Release

Eutierria, Vicky Colombet’s second solo exhibition at Fernberger can be understood as a synthesis of her interconnected series: Landscapes from Above, From the Floating World, Antarctica, Light and Water, and the Monet Series. The concept of eutierria, a term coined by Australian philosopher Glenn Albrecht describing a deep sense of harmony and connectedness with the Earth, lies at the core of Colombet’s decades-long practice.

Rather than depict a specific place, Colombet seeks to evoke the very idea of landscape. She conceives of her paintings as landscapes in and of themselves. Like the natural environment, her works capture the fleeting vibrations of mist, wind, water, and light, functioning as visual catalysts that invite contemplation.

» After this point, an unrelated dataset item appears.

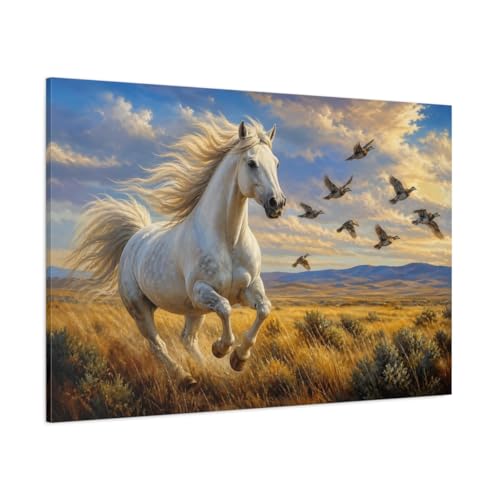 Tableau cheval et oiseaux réaliste pour grand salon moderne 120x80cm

By minimizing visible brushwork, Colombet allows her hand to recede, creating the sensation that nature itself is forming the image. “I would like to give [my works] the feeling that it is nature painting,” she said in a 2020 interview with Marianne Alphant for the Musée Marmottan Monet in Paris. “The brush produces the wind, the speed; the pigments provide the earth, the rocks.”

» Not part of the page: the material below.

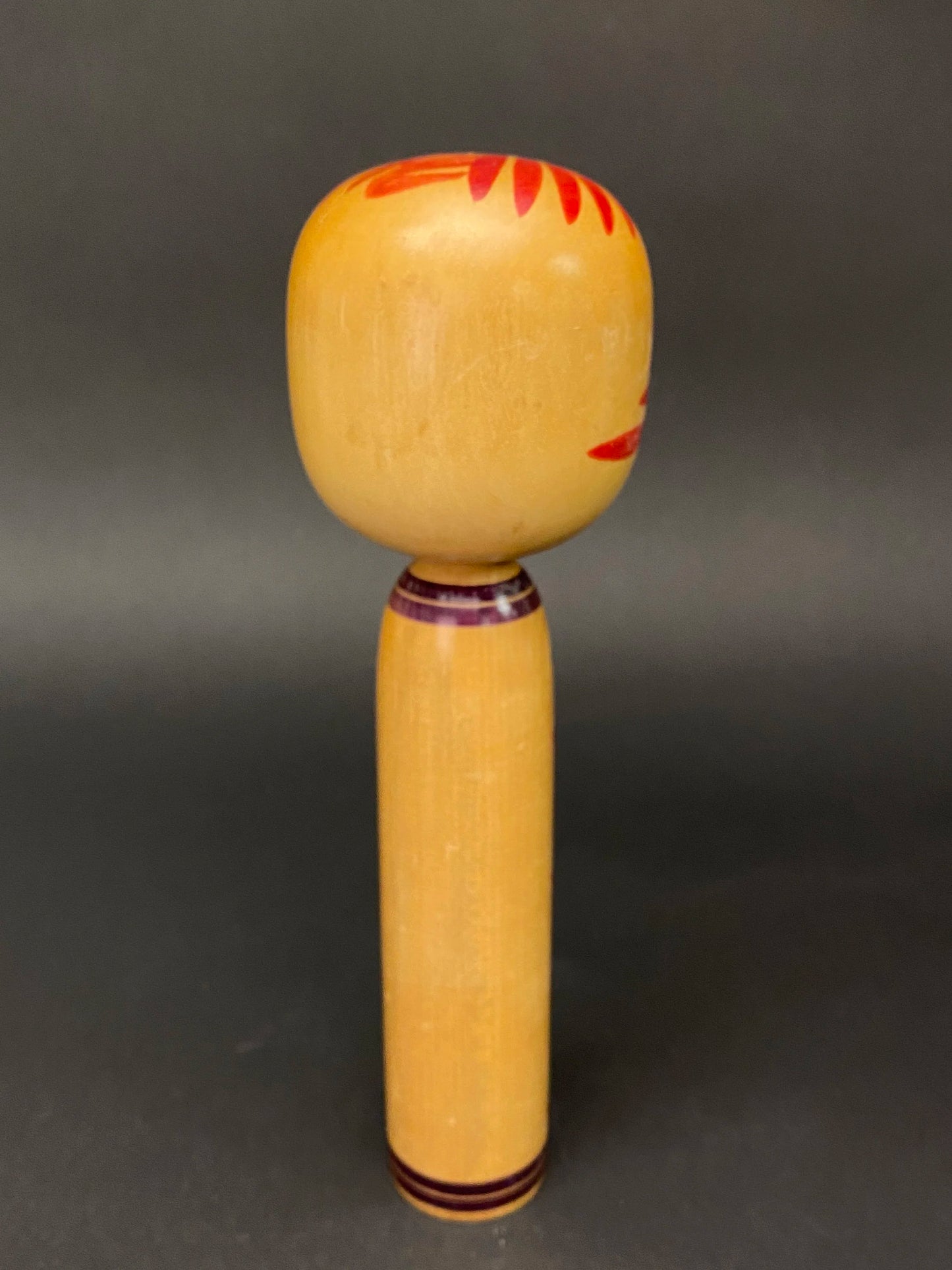 Japanese Yajiro Kokeshi Wooden Doll Signed H9.3"Girl Big Sister red Ume Kimono, Made in Japan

Her pursuit of an “inner landscape” is supported by her singular use of pure pigments. Natural in origin and ground by hand rather than industrially processed, these materials lend her paintings a subtle, almost auratic vibration, offering viewers a heightened perception of color. Many of her pigments are, quite literally, of the earth. Each possesses distinct physical properties—weight, density, texture—that determine how it moves across the canvas. Colombet harnesses these differences in her mystifying compositions, allowing particles to settle, layer, or disperse in ways that mirror natural processes of sedimentation and movement.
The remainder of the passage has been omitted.